Friday, July 29, 2005


My first glimpse of the Jagannath temple was from a narrow, crowded alley while I was maneuvering my rusty rented bicycle between cows, cycle rickshaws, motorcycles and pedestrians. The ageing cement buildings on either side of the lane framed the towering shikharas beautifully. The teeming marketplace sourcing from a centuries old temple. Once more, I was delighted with the incongruities of my country.

Jagannath. Lord of the World. This incarnate of Vishnu proves an imposing deity. So much so that the connotation of his name is now casual parlance. But it is only when you stand craning your neck up at the enormous structure that you derive a sense of meaning from the godly title. An inexorable, unrelenting force.

Even before you reach the sanctums housed within the ten-acre compound, you feel smaller than your actual size. As soon as you join the multitude crawling up towards the entrance you are all but invisible. Godmen, widows, pilgrims, devotees and the odd monkey throng the entire area, taking up even your peripheral vision. Singing, praying, staring, chanting, sleeping, weeping. Compressed shards of living.

As I walked wide-eyed and alone, I was comforted by my own insignificance. By the thought of hundreds of others living life with my emotions- perhaps more faint or intense, my body- vulnerable to pain and fatigue, my beliefs- but with a vigour more powerful than anything human life can even begin to comprehend.

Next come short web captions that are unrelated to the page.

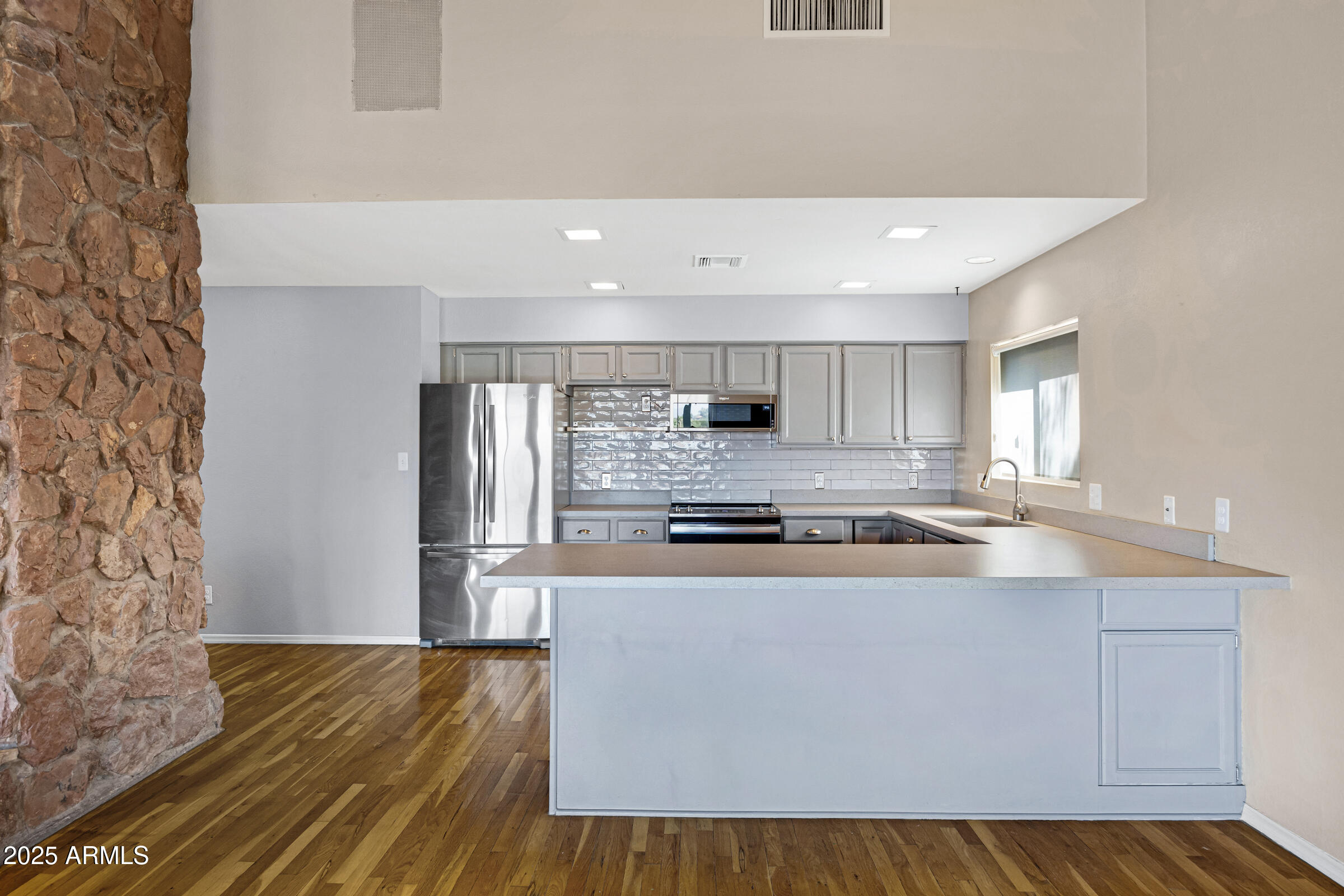1419 E LAS PALMARITAS Drive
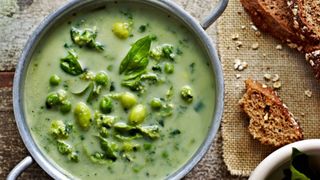 Low calorie vegetarian meals Soya bean and pea soup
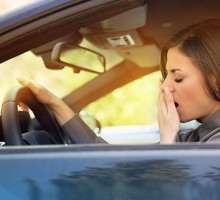 Jak radzić sobie ze zmęczeniem podczas długiej jazdy samochodem?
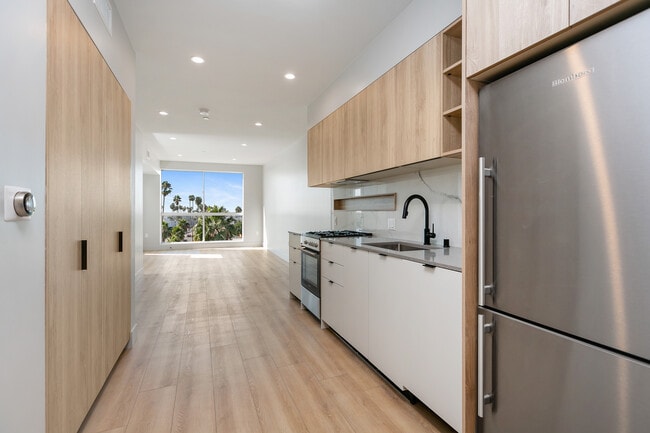 1HAB, 1,5BA - 815SF - Archer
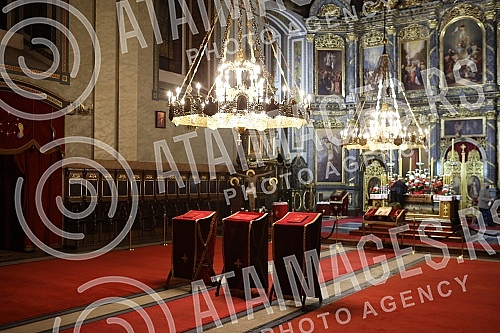 Worship during the Passion Week in the Cathedral Church of St. Archangel Michael on Good Friday - morning with the singing of articles and a procession around the temple.Bogosluzenje tokom Stradalne sedmice u Sabornoj crkvi  Sv. Arhangela Mihaila n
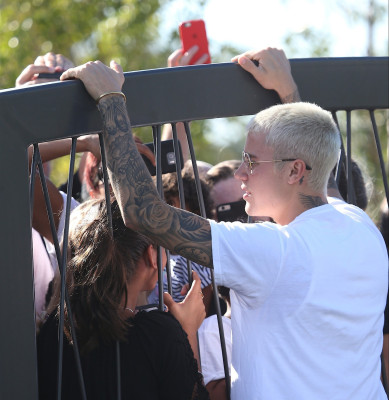 03.07 | Justin Bieber atende fãs em Perth, na Austrália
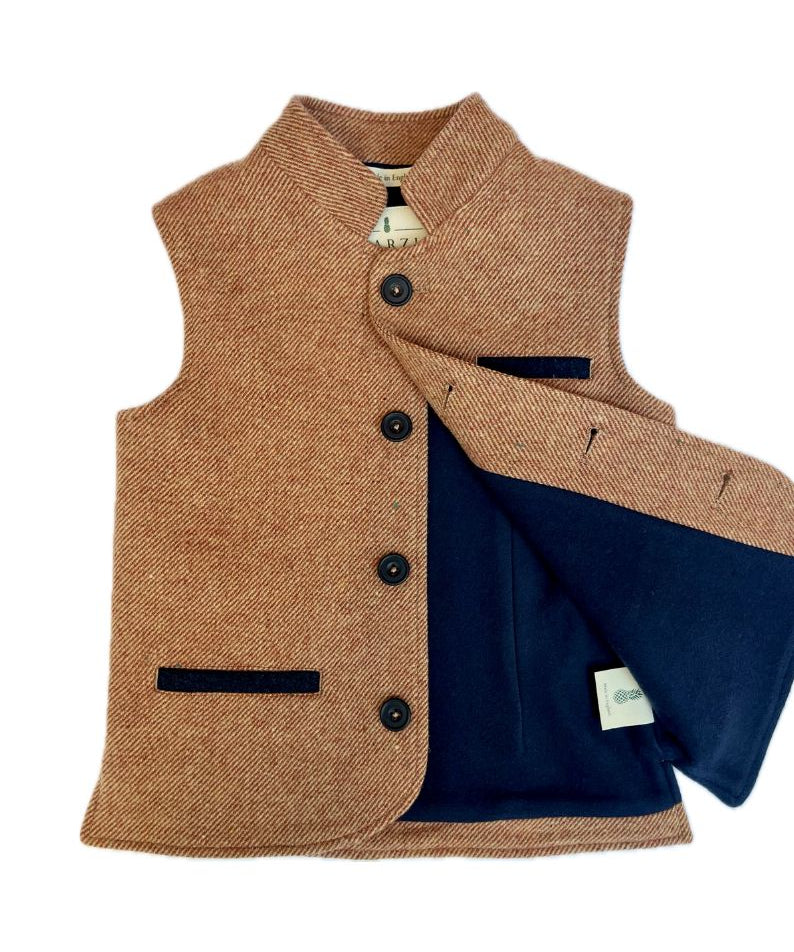 Little Darzi gilet in Coral Red - open buttons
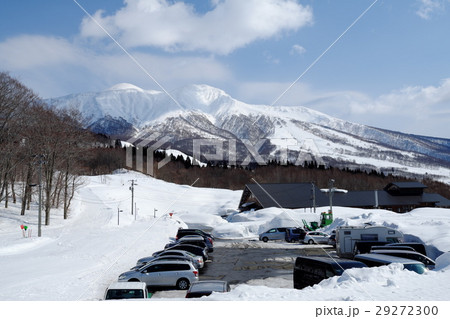 春の到来を予感させる田沢の青空と秋田駒ヶ岳 春の到来を予感させる田沢の青空と秋田駒ヶ岳 29272300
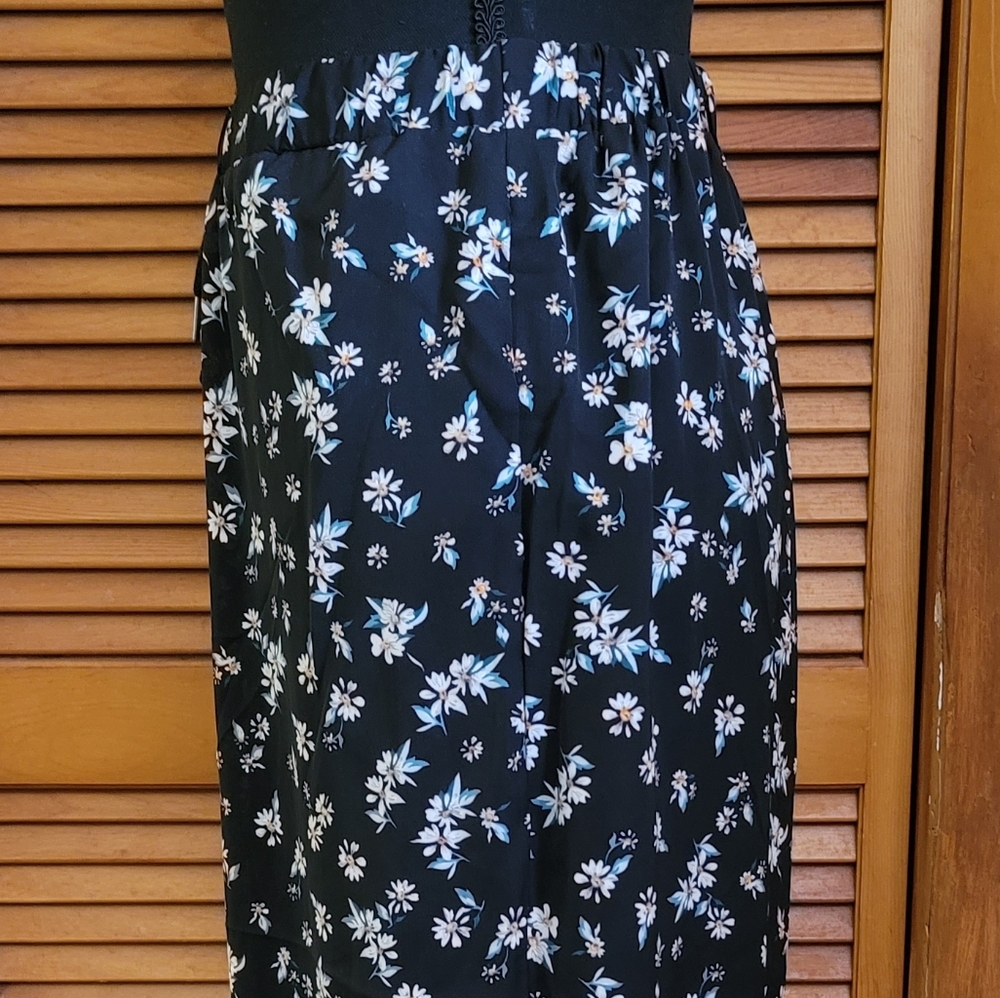 NWOT Daisy Floral Pants Size 2XL (Shein Plus) - Picture 5 of 12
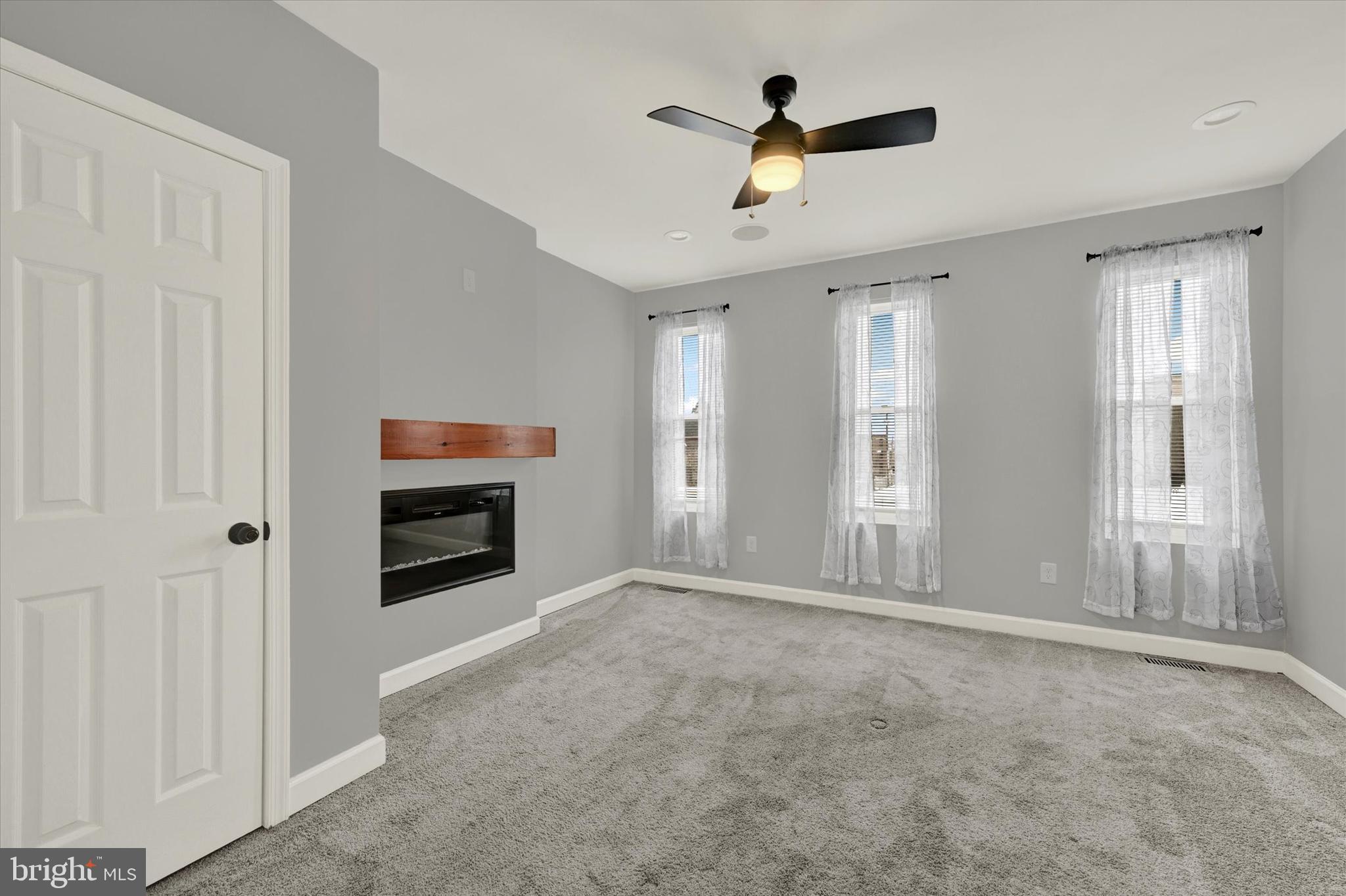 OLIVER - Residential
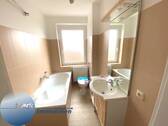 Badezimmer - Stark! Teilweise möblierte 1 Raum Wohnung!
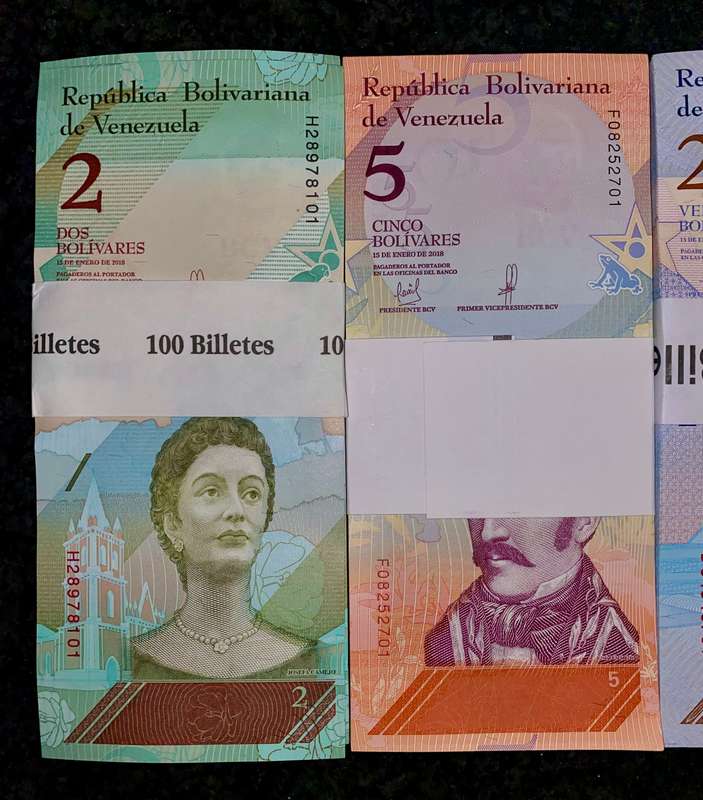 Venezuela Bolivars Bank Packs set 2 Bolivar to 50 Bolivar UNC 2018 (500 pack is circulated)
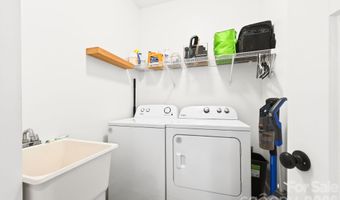 25 W Haven Dr, Arden, NC 28704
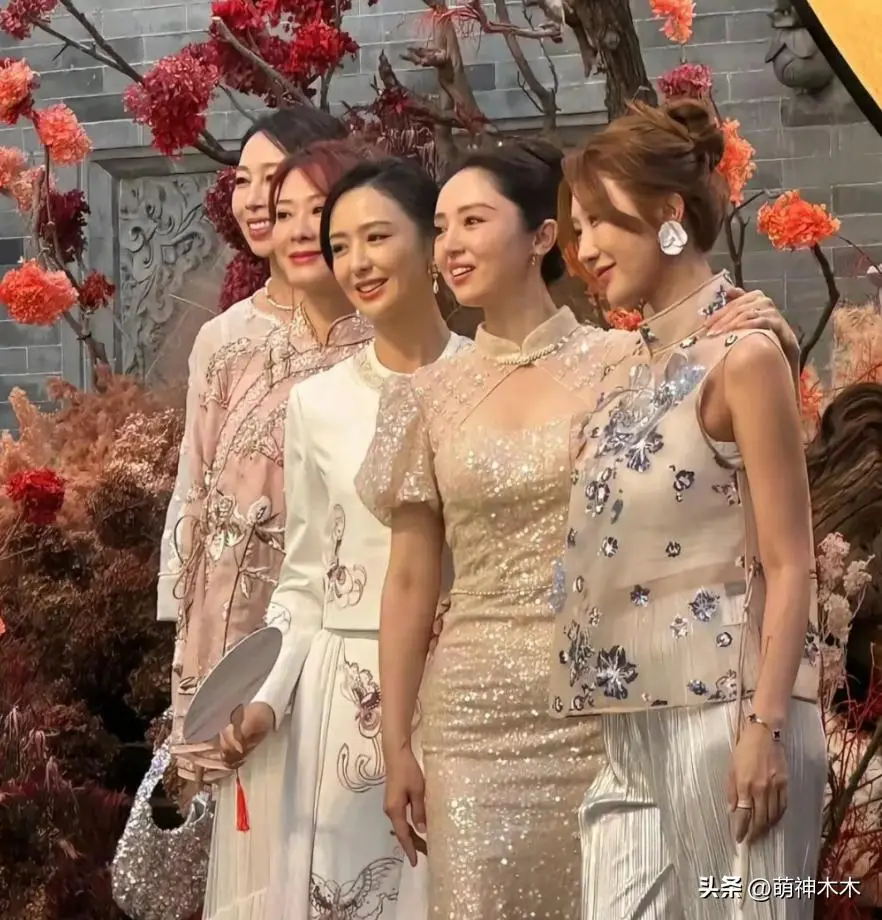 董璇回应婚礼餐标67元_张维伊董璇大同婚宴价格争议_花园大饭店婚宴人均价格真相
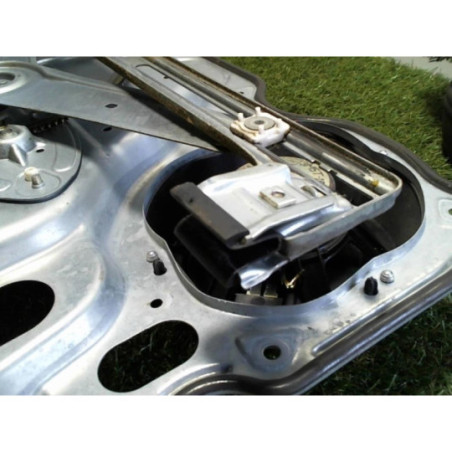 Leve vitre electrique avant gauche FORD FOCUS 2 PHASE 1 d’occasion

I paid my respects. Touched my forehead to cold stone floors, collected vermilion, neon orange and blood red tikas as I went along- all accompanied with blessings in brief from priests who streak a thousand brows everyday. I walked, bit by bit, feeling the ground beneath me turn from smooth, cool white marble to pitted, harsh rock. Mine the path that countless others have walked before. Mine the soles resembling any other.

Bare bodies, sacred thread, fresh lotus blossoms, the odd erotic sculpture, movement, sound, hands folded in prayer, anonymous lamps lit in reverence, clusters of bodies bent towards a garlanded idol.
The beauty of believing. The ritualistic prayers. Enough to empower. Enough to humble.
Devotees sacrificing their lives under the colossal wheels of Jagannath’s chariot when he parades the streets. The power of faith. Juggernautical.